GS: Any new talent you’ve been digging that deserves more attention?
P.O.S: When a track passes a test of time and you remember it after a few months or hopefully even years, that’s a proof of its impact and quality. So for a while now I’ve been a fan of Ilya Santana and Mustang and recently both Ilya and Andy from Mustang have remixed Philosophy Of Sound to some great acclaim, which was pretty amazing. I’ve been also digging Aeroplane mixtapes, as they are a great resource for discovering new talent, one example of such discoveries for me was Julie Walehwa with the track ‘I Mind (Weirdo Police Remix )’, beautiful vocals and some amazing production which turned the song into a hypnotic dance number that can also work far away from the dancefloor.

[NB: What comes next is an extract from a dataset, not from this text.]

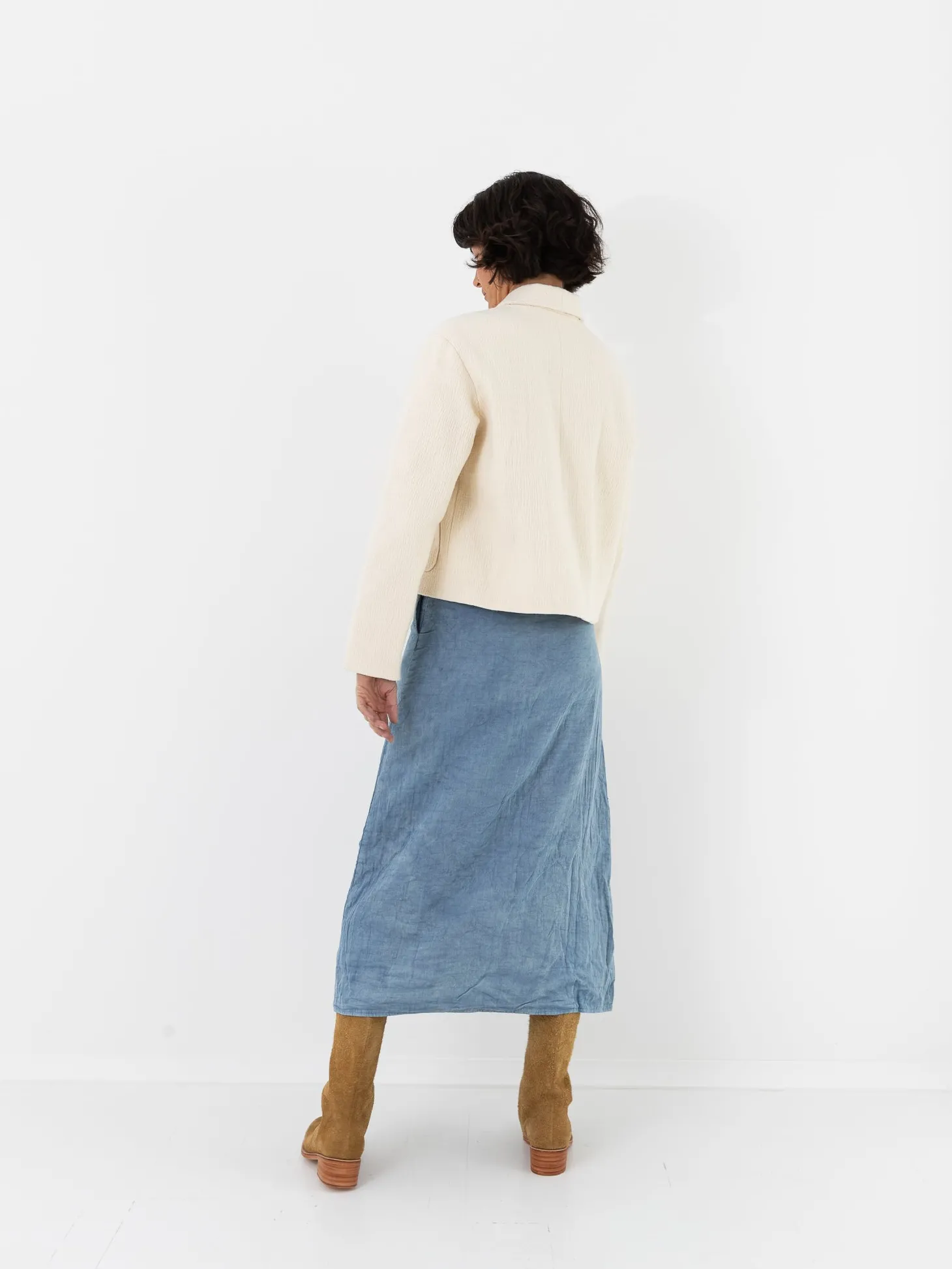 The Backward Vendor Herd Jacket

GS: What’s next up for you guys?
P.O.S: In June this year for the first time Philosophy Of Sound’s material will be released on vinyl, for which we are obviously very happy, as it’s such a wonderful and timeless medium to present music. This will be our EP titled ‘Fragile Disco’ which will also come out on Discotexas.
In May we will also have one exclusive track titled ‘Ugliest Twenties’ released on a compilation album titled ‘Headspace’ by the Australian label Clan Analogue.
There is also a new remix we’re working on as well as another Philosophy Of Sound track, for which we already have the vocals recorded with Mereki Beach who sang on our first single ‘It Is Like That’ and now this new track has to be produced and mixed. I’d also love for us to do a few more mixtapes.
Soon we will also give away a bootleg P.O.S remix to a track by one of the biggest groups in music’s history, so that should be a bit of a surprise to many people.
GS: Anything else you would like to say to your fans and our readers?
Just wanted to thank everyone who has supported us. We also love hearing from people online, so keep in touch and we’ll hopefully see you at one of our gigs or will send some tracks your way.